What you need to do: Going from the top of the data below, give again each line through the one containing "180 Degree Bifold", both ends kept.

*** Opening Information shown ***

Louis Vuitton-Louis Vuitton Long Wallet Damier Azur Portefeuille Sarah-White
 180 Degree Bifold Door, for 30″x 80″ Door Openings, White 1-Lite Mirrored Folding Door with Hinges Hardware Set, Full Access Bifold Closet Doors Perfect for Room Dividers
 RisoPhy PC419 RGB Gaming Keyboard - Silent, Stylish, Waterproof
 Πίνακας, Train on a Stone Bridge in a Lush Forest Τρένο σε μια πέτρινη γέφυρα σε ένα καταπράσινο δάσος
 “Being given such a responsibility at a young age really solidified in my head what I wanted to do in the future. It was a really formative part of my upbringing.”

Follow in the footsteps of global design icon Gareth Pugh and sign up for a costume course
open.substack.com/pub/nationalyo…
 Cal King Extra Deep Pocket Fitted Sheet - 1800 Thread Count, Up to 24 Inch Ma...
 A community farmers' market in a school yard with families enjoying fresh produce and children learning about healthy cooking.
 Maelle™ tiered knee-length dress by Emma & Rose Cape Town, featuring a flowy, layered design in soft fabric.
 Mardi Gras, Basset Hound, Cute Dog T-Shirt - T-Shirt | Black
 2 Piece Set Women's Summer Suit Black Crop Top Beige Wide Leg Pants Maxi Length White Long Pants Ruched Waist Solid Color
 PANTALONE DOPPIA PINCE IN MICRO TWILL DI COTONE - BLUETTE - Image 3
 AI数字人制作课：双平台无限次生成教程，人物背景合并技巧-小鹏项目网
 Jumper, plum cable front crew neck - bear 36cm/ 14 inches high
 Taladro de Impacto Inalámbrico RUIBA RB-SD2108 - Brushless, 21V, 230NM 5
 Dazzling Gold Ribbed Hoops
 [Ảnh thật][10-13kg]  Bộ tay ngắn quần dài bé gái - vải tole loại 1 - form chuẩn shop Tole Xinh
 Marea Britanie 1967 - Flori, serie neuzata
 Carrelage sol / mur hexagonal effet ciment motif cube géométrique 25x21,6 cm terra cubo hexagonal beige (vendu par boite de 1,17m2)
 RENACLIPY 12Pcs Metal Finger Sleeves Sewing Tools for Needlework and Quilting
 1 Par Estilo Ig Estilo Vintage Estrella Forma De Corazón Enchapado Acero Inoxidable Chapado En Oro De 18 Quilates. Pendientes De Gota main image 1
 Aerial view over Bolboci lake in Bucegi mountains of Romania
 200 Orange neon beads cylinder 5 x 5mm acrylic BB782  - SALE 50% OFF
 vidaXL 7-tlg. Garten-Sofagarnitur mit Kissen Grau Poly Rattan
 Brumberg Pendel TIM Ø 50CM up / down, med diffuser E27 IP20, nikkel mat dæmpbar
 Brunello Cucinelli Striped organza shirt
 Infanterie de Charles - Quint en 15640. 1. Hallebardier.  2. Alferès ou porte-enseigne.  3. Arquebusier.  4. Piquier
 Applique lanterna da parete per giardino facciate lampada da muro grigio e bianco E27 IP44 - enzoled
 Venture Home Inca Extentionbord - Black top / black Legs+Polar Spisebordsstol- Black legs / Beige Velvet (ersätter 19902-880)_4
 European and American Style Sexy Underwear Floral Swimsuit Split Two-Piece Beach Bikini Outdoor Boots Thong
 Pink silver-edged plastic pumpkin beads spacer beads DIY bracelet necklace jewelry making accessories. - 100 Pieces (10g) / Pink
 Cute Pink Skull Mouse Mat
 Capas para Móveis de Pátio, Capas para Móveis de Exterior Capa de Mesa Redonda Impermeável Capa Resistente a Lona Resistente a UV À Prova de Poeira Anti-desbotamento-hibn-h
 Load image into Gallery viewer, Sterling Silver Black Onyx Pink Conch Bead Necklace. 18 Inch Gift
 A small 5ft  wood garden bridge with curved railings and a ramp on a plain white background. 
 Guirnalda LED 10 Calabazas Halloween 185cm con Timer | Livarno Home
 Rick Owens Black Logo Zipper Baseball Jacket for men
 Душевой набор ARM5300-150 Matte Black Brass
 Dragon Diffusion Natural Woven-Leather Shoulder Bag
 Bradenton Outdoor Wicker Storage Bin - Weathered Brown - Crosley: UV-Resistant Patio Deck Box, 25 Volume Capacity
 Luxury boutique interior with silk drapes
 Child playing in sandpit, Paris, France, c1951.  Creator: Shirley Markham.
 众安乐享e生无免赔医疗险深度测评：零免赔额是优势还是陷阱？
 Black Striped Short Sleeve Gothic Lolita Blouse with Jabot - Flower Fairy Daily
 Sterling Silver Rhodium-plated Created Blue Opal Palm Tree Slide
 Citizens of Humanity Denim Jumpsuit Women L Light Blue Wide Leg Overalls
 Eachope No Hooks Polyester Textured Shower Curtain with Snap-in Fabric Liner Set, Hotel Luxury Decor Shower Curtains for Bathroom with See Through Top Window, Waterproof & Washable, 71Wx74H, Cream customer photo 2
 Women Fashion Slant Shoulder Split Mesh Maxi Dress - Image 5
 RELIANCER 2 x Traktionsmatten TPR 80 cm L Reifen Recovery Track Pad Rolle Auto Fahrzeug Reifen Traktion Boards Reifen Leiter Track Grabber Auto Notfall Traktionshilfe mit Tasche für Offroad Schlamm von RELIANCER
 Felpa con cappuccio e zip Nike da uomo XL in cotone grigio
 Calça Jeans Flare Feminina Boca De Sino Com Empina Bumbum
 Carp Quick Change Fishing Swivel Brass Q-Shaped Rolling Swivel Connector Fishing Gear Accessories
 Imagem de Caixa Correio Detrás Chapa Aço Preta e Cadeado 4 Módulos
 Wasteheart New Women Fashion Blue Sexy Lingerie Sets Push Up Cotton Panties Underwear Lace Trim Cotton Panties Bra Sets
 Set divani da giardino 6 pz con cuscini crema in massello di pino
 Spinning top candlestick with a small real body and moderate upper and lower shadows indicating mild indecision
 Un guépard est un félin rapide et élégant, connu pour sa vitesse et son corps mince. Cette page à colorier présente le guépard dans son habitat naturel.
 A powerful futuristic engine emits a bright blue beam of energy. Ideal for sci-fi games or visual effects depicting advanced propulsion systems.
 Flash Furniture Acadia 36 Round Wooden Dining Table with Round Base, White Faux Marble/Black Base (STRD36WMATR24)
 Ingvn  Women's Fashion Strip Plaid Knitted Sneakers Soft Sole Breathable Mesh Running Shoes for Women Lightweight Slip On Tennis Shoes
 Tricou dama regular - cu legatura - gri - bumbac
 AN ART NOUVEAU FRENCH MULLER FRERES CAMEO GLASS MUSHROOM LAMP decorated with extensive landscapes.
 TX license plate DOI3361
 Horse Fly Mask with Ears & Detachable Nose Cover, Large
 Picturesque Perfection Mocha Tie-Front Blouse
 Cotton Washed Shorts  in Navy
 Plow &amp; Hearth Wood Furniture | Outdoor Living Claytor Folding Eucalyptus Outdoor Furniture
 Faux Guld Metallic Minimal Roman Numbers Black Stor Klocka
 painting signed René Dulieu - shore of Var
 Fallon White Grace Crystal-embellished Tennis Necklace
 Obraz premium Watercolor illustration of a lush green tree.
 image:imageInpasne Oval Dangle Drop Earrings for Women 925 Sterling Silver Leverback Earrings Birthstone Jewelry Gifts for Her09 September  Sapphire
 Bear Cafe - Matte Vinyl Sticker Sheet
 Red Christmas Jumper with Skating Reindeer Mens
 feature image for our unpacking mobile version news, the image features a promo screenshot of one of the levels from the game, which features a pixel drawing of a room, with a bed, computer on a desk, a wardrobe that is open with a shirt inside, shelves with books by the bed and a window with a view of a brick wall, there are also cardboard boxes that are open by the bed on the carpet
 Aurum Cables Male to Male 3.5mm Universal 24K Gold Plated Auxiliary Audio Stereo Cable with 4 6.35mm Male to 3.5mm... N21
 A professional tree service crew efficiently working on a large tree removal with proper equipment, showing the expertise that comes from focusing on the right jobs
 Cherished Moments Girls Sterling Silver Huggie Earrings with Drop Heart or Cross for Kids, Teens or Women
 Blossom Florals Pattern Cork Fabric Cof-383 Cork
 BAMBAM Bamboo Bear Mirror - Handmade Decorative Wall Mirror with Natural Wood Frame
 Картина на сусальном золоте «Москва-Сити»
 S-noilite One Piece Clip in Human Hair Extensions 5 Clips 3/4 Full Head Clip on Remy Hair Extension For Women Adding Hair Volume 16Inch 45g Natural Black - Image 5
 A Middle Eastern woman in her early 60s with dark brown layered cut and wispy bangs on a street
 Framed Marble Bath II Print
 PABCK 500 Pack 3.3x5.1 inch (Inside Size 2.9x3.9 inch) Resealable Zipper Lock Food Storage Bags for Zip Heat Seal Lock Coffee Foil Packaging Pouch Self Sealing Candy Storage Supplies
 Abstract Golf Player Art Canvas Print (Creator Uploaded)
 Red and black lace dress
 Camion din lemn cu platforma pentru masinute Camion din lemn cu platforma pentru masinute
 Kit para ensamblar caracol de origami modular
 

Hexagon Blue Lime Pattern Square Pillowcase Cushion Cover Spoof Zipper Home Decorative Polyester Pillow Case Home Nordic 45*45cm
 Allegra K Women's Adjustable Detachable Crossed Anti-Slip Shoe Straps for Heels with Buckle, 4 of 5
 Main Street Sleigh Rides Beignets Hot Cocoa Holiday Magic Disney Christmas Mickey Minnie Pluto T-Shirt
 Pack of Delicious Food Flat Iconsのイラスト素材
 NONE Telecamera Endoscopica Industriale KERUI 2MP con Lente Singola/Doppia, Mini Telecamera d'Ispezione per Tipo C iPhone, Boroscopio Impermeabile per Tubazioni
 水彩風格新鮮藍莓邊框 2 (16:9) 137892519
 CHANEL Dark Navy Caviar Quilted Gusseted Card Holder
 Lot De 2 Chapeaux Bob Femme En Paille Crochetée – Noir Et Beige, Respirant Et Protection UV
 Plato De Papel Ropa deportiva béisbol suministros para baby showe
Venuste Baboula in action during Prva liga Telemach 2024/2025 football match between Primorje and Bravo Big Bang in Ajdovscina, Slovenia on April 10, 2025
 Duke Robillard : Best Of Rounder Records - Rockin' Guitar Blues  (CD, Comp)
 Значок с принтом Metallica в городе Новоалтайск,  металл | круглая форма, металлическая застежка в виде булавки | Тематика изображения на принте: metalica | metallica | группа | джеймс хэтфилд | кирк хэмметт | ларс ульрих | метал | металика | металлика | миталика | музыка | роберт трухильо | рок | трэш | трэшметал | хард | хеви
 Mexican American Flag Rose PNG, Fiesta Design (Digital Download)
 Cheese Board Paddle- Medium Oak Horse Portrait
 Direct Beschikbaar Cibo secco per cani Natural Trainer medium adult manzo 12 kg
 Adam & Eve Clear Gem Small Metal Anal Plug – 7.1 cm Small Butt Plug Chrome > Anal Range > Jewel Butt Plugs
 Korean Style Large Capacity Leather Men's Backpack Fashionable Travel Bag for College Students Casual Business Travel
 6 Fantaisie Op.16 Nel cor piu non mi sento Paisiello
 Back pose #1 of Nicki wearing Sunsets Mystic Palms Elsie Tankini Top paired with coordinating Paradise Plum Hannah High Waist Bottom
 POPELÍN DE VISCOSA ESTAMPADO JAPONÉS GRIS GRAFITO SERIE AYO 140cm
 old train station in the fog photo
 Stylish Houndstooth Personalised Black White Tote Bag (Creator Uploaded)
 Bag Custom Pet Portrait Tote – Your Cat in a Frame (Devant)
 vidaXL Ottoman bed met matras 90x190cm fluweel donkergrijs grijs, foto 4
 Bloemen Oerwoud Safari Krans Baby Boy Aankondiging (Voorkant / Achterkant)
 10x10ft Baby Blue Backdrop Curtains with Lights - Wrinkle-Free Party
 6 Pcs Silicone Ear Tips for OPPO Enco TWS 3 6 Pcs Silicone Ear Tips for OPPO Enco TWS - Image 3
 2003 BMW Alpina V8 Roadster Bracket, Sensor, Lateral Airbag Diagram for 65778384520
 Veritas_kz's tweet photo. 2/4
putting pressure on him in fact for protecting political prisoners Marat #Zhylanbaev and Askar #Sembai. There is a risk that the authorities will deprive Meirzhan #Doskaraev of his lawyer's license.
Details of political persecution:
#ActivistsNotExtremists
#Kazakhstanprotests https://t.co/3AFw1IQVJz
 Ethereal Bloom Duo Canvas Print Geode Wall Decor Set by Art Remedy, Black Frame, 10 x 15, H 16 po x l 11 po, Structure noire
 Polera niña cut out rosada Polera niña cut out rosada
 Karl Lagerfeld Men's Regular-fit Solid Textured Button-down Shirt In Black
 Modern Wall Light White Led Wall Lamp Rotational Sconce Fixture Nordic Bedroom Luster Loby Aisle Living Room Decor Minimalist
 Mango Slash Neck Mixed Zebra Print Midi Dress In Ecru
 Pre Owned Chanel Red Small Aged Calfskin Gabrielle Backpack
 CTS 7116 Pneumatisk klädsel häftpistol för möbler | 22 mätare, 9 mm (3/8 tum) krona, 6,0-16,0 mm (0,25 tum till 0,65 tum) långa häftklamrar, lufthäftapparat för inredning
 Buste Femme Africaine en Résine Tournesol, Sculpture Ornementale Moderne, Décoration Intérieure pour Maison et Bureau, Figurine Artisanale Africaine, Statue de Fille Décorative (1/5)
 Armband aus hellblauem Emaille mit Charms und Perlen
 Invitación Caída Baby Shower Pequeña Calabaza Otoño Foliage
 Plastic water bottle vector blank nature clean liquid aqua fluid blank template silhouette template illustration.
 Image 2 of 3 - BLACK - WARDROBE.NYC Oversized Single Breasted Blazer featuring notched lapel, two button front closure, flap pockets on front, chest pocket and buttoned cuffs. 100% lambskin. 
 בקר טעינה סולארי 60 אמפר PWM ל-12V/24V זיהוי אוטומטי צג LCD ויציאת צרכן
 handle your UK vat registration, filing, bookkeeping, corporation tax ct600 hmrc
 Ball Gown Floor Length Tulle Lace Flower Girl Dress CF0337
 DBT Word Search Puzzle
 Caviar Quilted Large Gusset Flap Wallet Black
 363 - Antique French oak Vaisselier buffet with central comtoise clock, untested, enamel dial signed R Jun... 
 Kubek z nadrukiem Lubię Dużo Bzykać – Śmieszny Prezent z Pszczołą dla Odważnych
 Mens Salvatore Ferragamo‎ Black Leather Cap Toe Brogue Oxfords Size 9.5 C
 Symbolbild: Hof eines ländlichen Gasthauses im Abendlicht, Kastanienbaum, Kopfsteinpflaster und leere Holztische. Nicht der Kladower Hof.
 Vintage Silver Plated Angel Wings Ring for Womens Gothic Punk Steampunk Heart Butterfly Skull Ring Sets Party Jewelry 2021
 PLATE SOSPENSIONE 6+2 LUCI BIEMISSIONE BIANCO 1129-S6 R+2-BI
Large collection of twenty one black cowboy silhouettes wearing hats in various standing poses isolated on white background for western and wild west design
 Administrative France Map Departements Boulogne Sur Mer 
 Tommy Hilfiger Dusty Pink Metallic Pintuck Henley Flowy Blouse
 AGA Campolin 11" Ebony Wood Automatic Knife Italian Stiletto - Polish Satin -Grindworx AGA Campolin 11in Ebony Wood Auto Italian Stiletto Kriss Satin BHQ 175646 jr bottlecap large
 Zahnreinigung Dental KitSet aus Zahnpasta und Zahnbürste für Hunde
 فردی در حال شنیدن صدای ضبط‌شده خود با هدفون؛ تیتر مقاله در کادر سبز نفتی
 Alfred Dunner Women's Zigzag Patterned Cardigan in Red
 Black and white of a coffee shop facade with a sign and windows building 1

*** Closing Information shown ***

Result of the task:
Louis Vuitton-Louis Vuitton Long Wallet Damier Azur Portefeuille Sarah-White
 180 Degree Bifold Door, for 30″x 80″ Door Openings, White 1-Lite Mirrored Folding Door with Hinges Hardware Set, Full Access Bifold Closet Doors Perfect for Room Dividers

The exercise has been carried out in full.